Around 5,000 mobile phones are lost or found in Glasgow each year, and Police Scotland are asking the public to make sure they are registered.
Phones and other electronic devices are high on the wish list of many folk around this time of year and police warn that it is a sensible move to register them, given the amount that is lost.
Some 2,500 are handed in to police in Scotland’s largest city, but only 25 per cent find their owners as many of them are password protected and, therefore, inaccessible.
Police are advising people to register their phones and gadgets at www.immobilise.com — a free service linked with the National Mobile Property Register — which can help return lost or stolen devices to their owners.

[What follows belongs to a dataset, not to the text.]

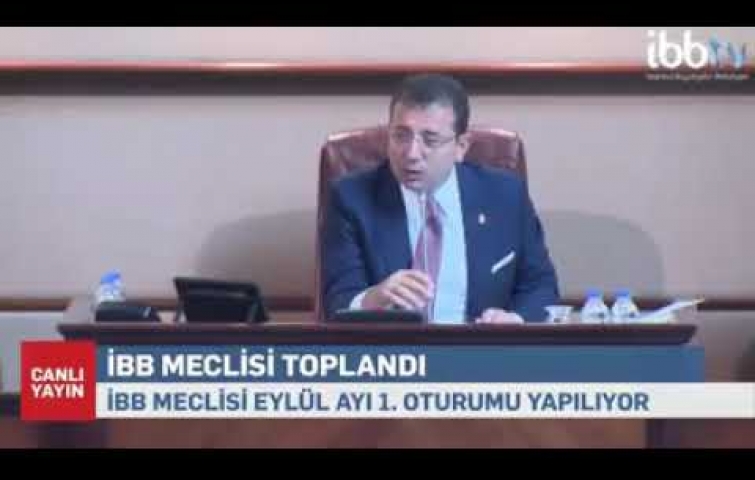 İBB MECLİSİ&#039;NDE VAKIF TARTIŞMASI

Over the Christmas and new year period many flk will be out partying and generally having a good time.
But this is also the time when a high number of mobile phones are reported lost and a high number are handed in as found.
Safer Communities Officers are also advising people to keep a tight rein on their passports as 1,500 of them were reoprted as lost last year in Glasgow.
Police suggest following some simple steps to ensure the safety of your phone:
1. Register free with www.immobilise.com.
2. Use a lock code.
3. Know your IMEI number — a 15-digit, unique identifier for your phone — type in *#06#.
4. Properly mark your phone with your postcode and door number to help police identify stolen ones.
5.Report a lost or stolen phone to the police immediately.
6. Inform your service provider if your phone is lost or stolen.
7. Install a tracker device on your electronic goods to help find them.
Inspector Kenny Quigley, Glasgow Safer Communties, said: “Nowadays, lots of people live their lives on their phones and they contain a lot of personal information.
“Losing your phone is a major inconvenience, could prove expensive to replace and may lead to personal details and information being compromised.
“The difficulty for police is matching the lost or stolen phone to its owner.
“Registering a phone with ‘Immobilise’ allows us to check it against the police National Mobile Property Register, find out who it belongs to and then get it back to the owner as soon as we legally can.
“Being registered will also alert retailers who buy second-hand phones.
“This will in turn affect the sale and, hopefully, ultimately the market for lost or stolen phones.”